By default, the list is sorted by status, then by score, then by frequency, and then in alphabetic order. This sort order means that accepted candidates are listed on top. These are followed by unmodified candidates (with the Candidate status), dropped, and then hidden candidates.
Within the same status, candidates are listed in a descending order by score. If two candidates have the same score (which is almost impossible), they are sorted by frequency (also in a descending order).
The candidates are always sorted by Status first. To change further sorting: click the column header you want to sort by.
Note: The Status field is not clickable. To sort the list by status after you accepted or dropped some candidates: click the Re-sort now link.
In the Candidates section of the Term Extraction ribbon, click Candidate statistics. The Term extraction statistics window opens.
- The Term base matching section shows how many of the candidates have full or partial matches in the term base.
- The Status section shows how many of the candidates you accepted, dropped or hid.
- The Sources and Settings sections show information of the term extraction session.
To export the statistics report to an HTML file: Click Export.
To close the Term extraction statistics window: Click Close.
You can move around in the candidate list using the down and up arrow keys. You can also use the mouse. If you click a row, that becomes the active one.
- You can use the PageDown and PageUp keys to jump down or up.
- To jump at the end of the list, press Ctrl+End.
- To jump at the beginning of the list, press Ctrl+Home.
- To make the active row stay in the middle of the screen: In the View ribbon's Layout section, click Active row, then choose In the middle.
- To let the active row move freely: In the View ribbon's Layout section, click Active row, then choose Anywhere.
- To jump between candidates of a specific status: In the Term Extraction ribbon's Go to section, choose a status from the dropdown, then click Next or Previous (or press Ctrl+Alt+Down or Ctrl+Alt+Up).
- You can change row height in the candidate list and in the occurrence list by dragging.
-
You can type in both the Source and Target columns. When you edit the term candidate in the Source column, its original form is displayed at the bottom of the cell, with the Original label.
You can select one or more rows:
- Click a row to select it.
- To select multiple rows, click the first one, then press and hold down Ctrl, and click all the others one by one.
- To select a contiguous sequence of rows, click the first one, then press and hold down Shift, then click the last row.
- To select all rows, click Select all rows in the Term section of the ribbon, or press Ctrl+Shift+A. (Ctrl+A selects the source text or the target text in the current row.)
The candidate list may contain many irrelevant phrases that should not be accepted as terms. Some of the candidates may be synonyms (different phrases with the same meaning) or parts of others, and one member of the group of synonyms might be accepted as a term. This means you need to clean the list before you can use it.

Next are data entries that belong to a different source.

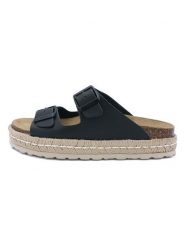 Billowy Klapki w kolorze czarnym rozmiar: 38. Czarne klapki damskie Billowy, bez wzorów, z otwartym noskiem, bez obcasa, bez zapięcia. Za 95.92 zł.
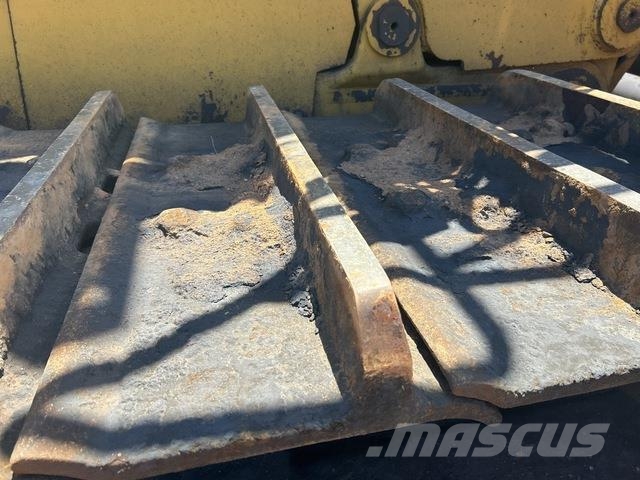 CAT D11T Crawler dozers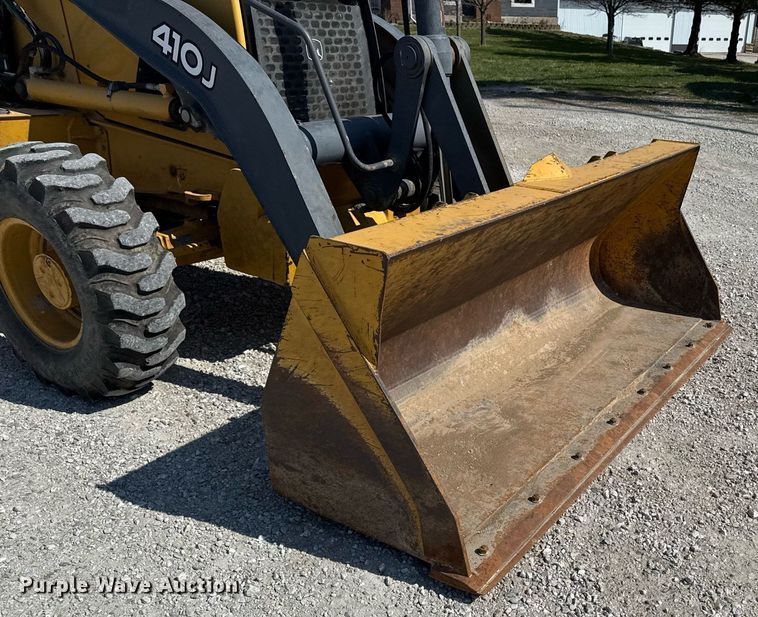 image for item DT0691 2010 John Deere 410J backhoe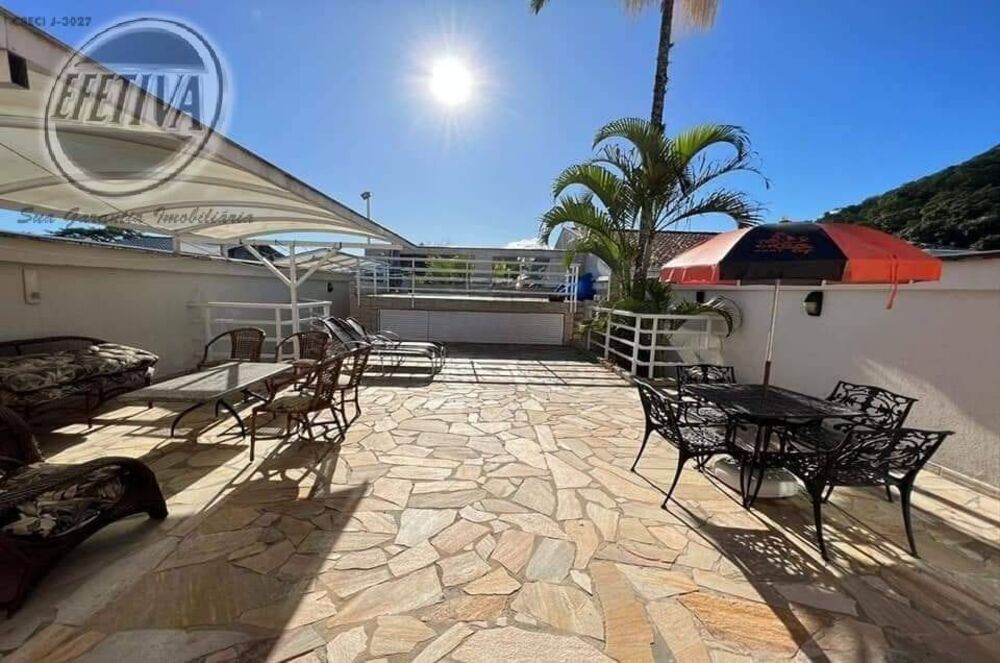 Casa à venda com 4 quartos, 300m² - Foto 7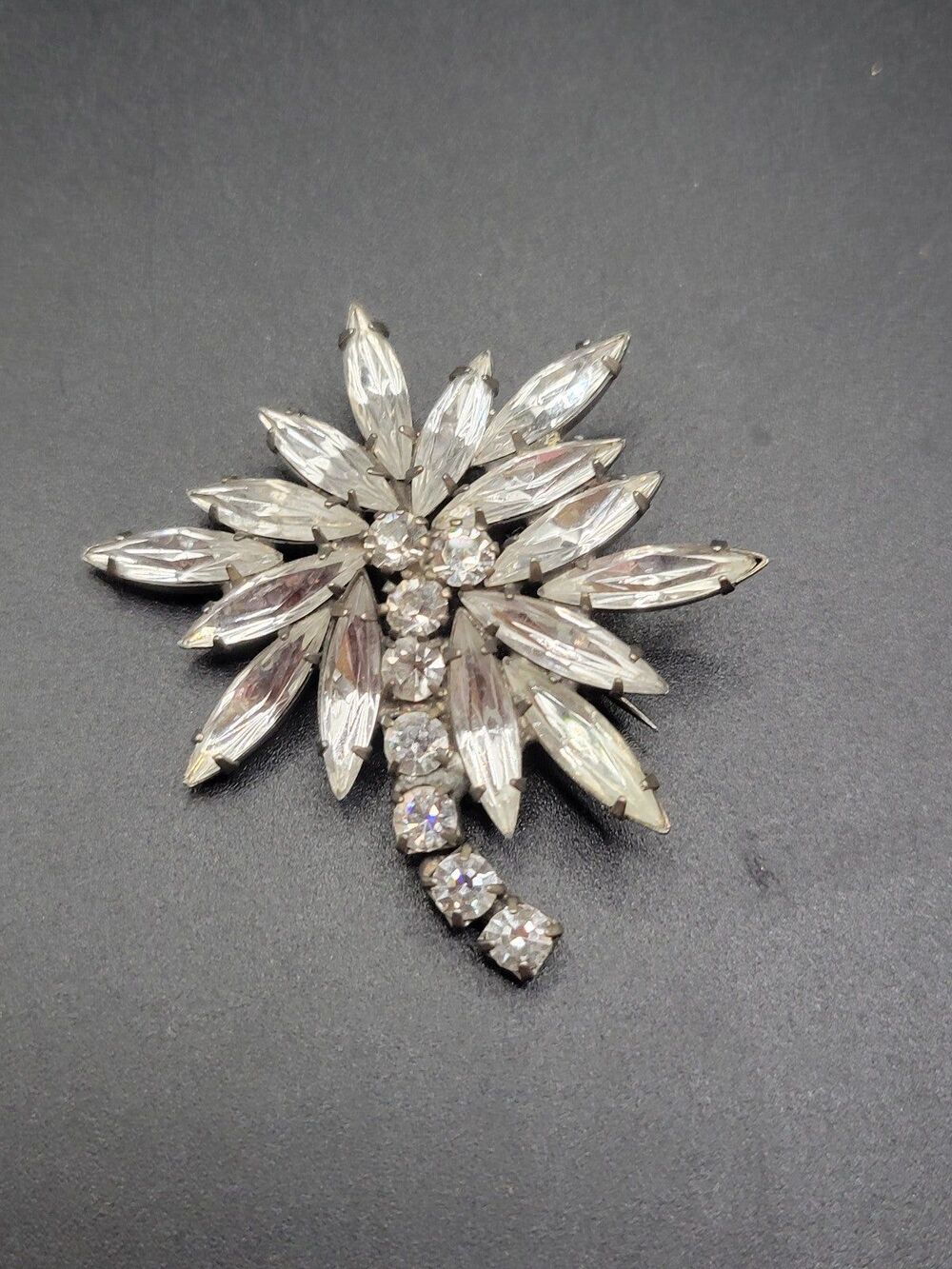 Vintage victorian clear rhienstone brooch - Picture 4 of 9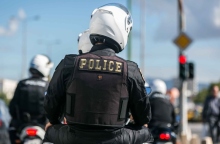 αστυνομικοι με κρανοι πανω σε μηχανη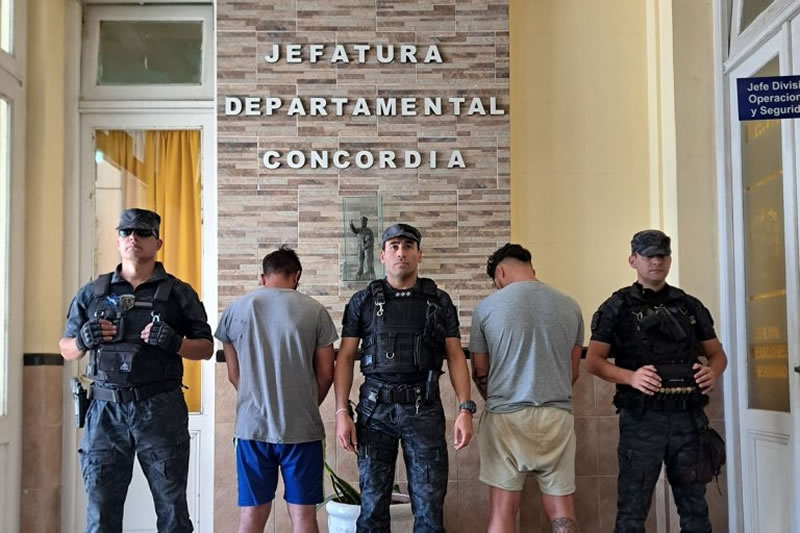 Fueron detenidos dos sujetos sindicados de asaltar a un empleado municipal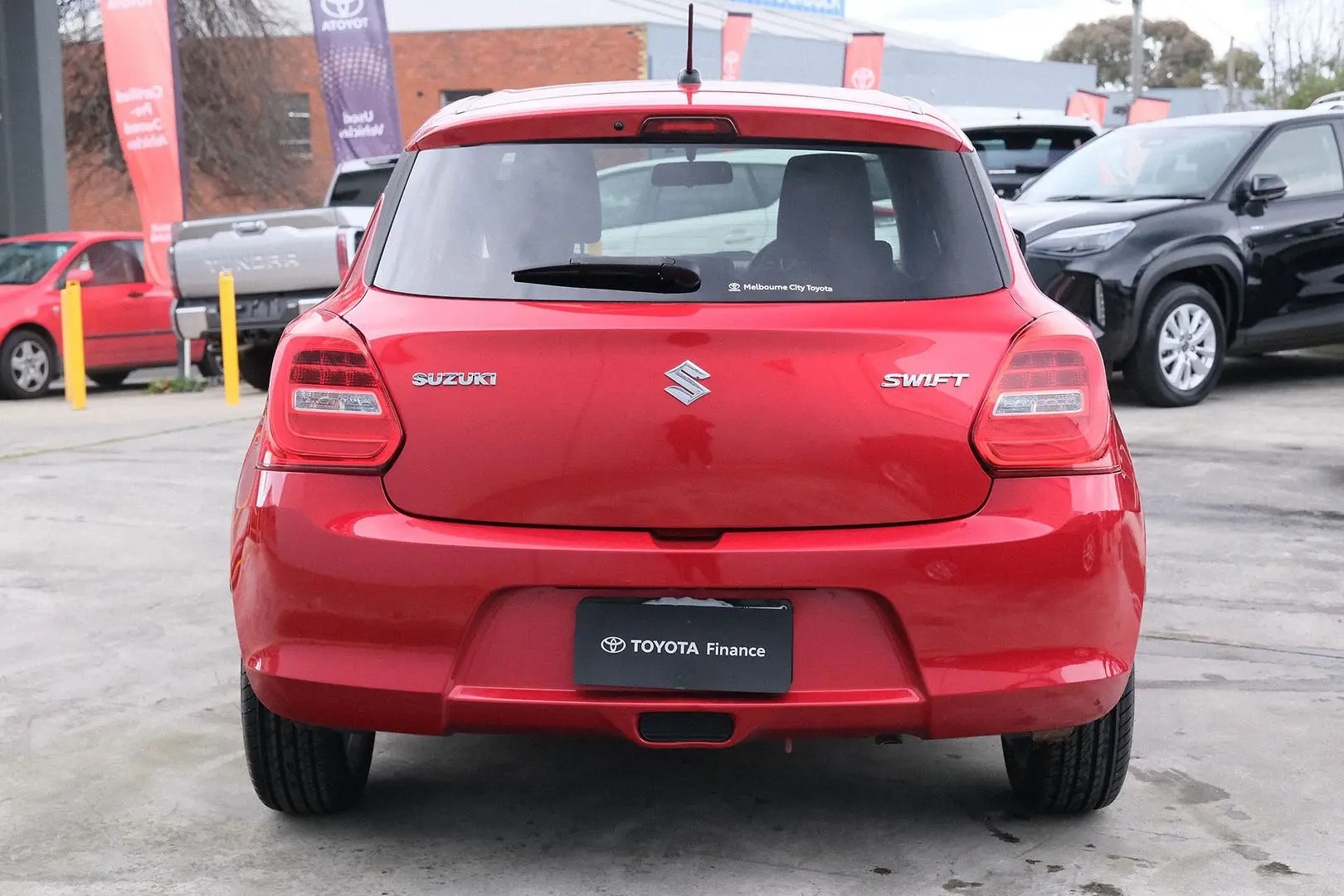 2017 Suzuki Swift Gallery Image 4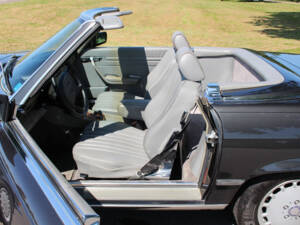 Image 15/23 of Mercedes-Benz 560 SL (1987)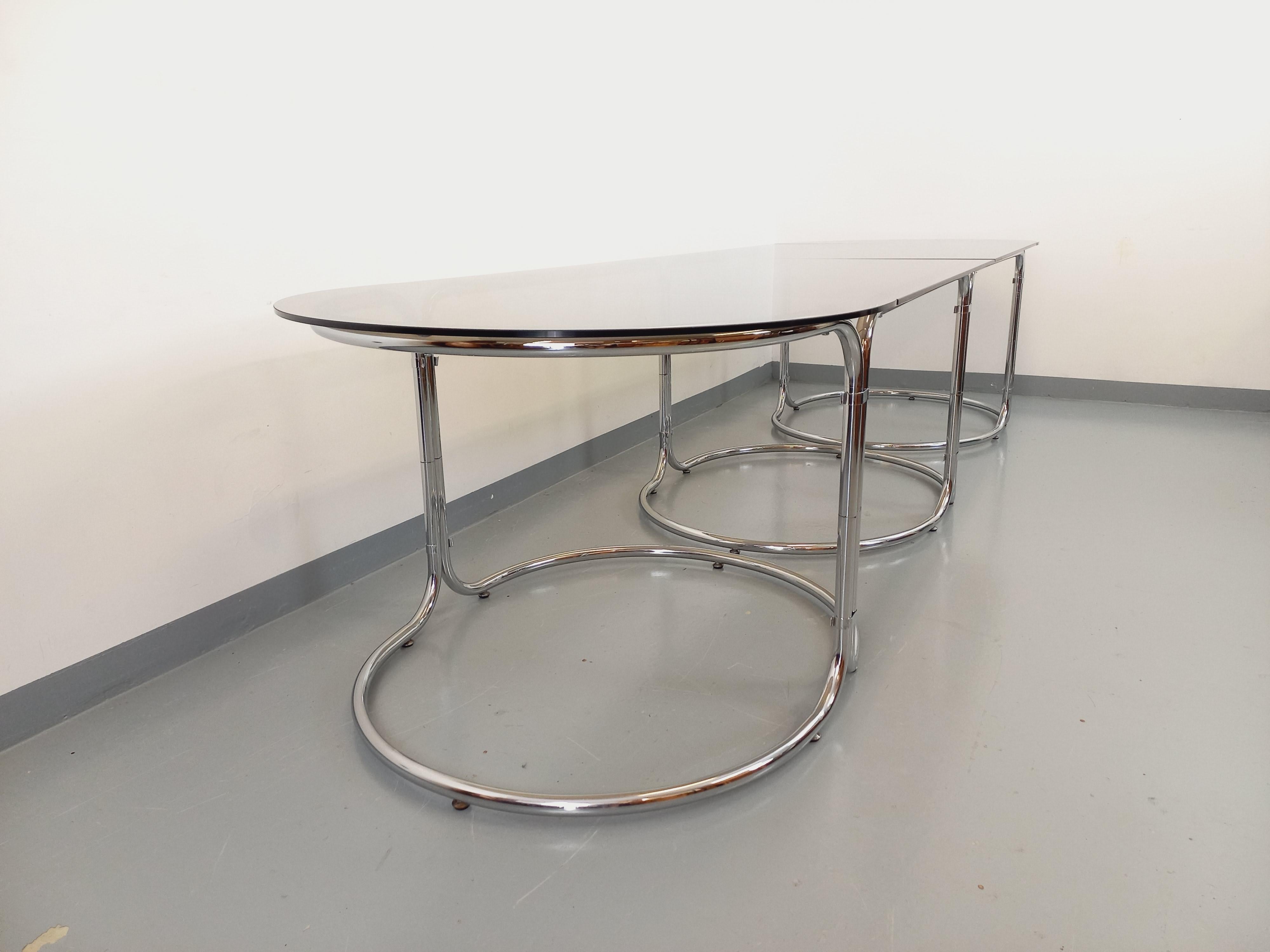 Métal Grande table à manger ovale modulable vintage en verre fumé et métal chromé en vente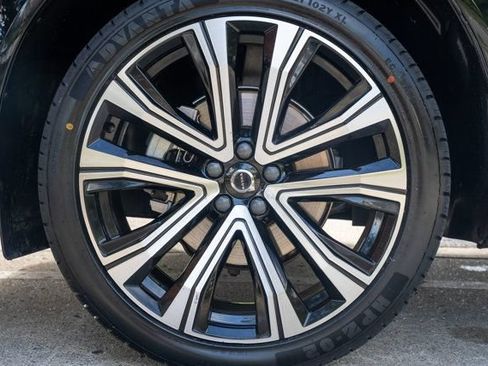 Used 2023 Volvo XC60 B5 Ultimate w/ Climate Package AWD/4WD image 59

When you clean the list, you can accept, drop (discard), hide, and merge candidates. Merging candidates means that you treat a group of candidates as a single terminology entry where the source-language term can take multiple forms.
Only accepted candidates will be copied into the final term base. Candidates you hide and don't accept will not be copied.
- Filtering: You can filter the list using the Filter text box. If you type a phrase in the text box, memoQ shows only those candidates that contain the phrase. When you click the text box, the previous filter phrases appear. If you check the Only with TB result check box, the list will contain only those candidates that have one or more hits in the term bases used in the term extraction session. You can also press Ctrl+Shift+F to access the Filter text box.
The Term Extraction ribbon offers commands to clean the term candidate list. All commands have a shortcut key to speed up your work.
- Drop Term: Marks the current candidate or the selected candidates as Dropped. Dropped candidates remain on the list, but when you sort the list again using the Re-sort now command, they are sorted to the end of the list. Shortcut key: Ctrl+D.
- Accept as term: Marks the current candidate or the selected candidates as Accepted. Accepted candidates will be copied to the final term bases. When you sort the list using the Re-sort now command, accepted candidates are sorted to the beginning of the list. Shortcut key: Ctrl+Enter.
- Hide/unhide shorter: Hides those candidates where the source term is a part of the current candidate. Hidden candidates are sorted to the end of the list. If the shorter candidates are hidden, this command uncovers them (it works like a toggle). Shortcut key: Ctrl+L.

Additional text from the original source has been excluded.